Auch wenn es New York eigentlich nicht mehr gibt. Manhattan ist ein großes Fünf-Sterne-Hotel geworden. Eine auf die Oberschichten gezielte Wohnungspolitik hat alle Vielfalt vertrieben. In der Lower Eastside tummeln sich urbane Hippsters in ihren 1500-Dollar-Zimmern. Das East Village mit der einst berüchtigten und durchaus gefährlichen Alphabet City ist zu einer einzigen großen Essmeile geworden. Vom jugendlichen Vibe ist ebenso wenig zu spüren, wie vom einstigen Drogenhandel und der Prostitution noch etwas zu sehen ist.

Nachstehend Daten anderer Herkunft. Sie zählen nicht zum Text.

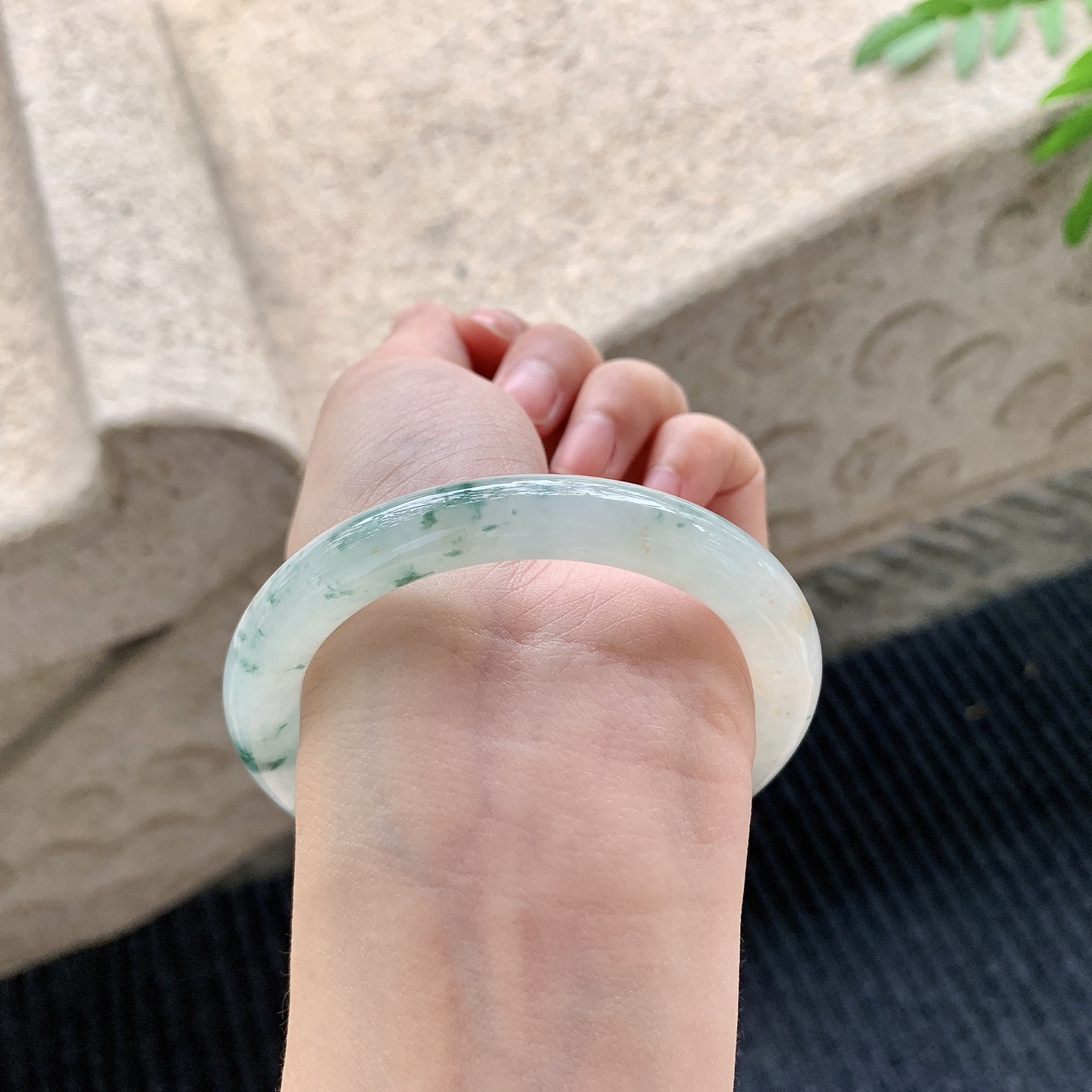 圆条53 54【圈口】54.7/9.3/9.2【编码】A1041516【描述】糯冰飘花，水润，种老，细腻，打灯有棉线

"Wohin? Es gibt keine Stadt, in der ich mich inspirierter und wohler fühlen würde", beschreibt es etwa Wolfgang Schalk. Der bei Universal Austria unter Vertrag stehende Gitarrist mit einer großen Zuneigung zu treibenden Soli und spontaner Interaktion lebt jenseits des Hudson Rivers, im traditionell kleinstädtischen New Jersey.
Der Vorteil des eignen Studios deckt den Verlust an Wohnraum ab. Und Schalk ist zäh. Mit Anfang 20 eingereist, hielt er sich zunächst durch Nebenjobs über Wasser. Im Cornelia Street Café, mitten im schicken West Village, spielt er bis heute seine liebsten Konzerte. "New York ist eine Stadt, in der du zurückbekommst, was du gibst. Das kann hart sein, aber es zeigt dir, wer du bist." Müßig, sich über das "Clubsterben" zu ereifern. Hier sperren täglich Clubs zu, andere machen auf. Mit Bradley's und Village Gate gingen zwei Hotspots für After-Sessions und neue Jazz-Talente verloren. Dieser Entwicklung zum Trotz hat etwa das legendäre Minton's Playhouse in Harlem, in dem der Historie zufolge eifrig an einem neuen Stil namens Bebop gearbeitet wurde, nach 30 Jahren wieder aufgesperrt. Einstige Talenteschmieden wie Birdland und Village Vanguard verharren in der qualitätsvollen Starre der Institution.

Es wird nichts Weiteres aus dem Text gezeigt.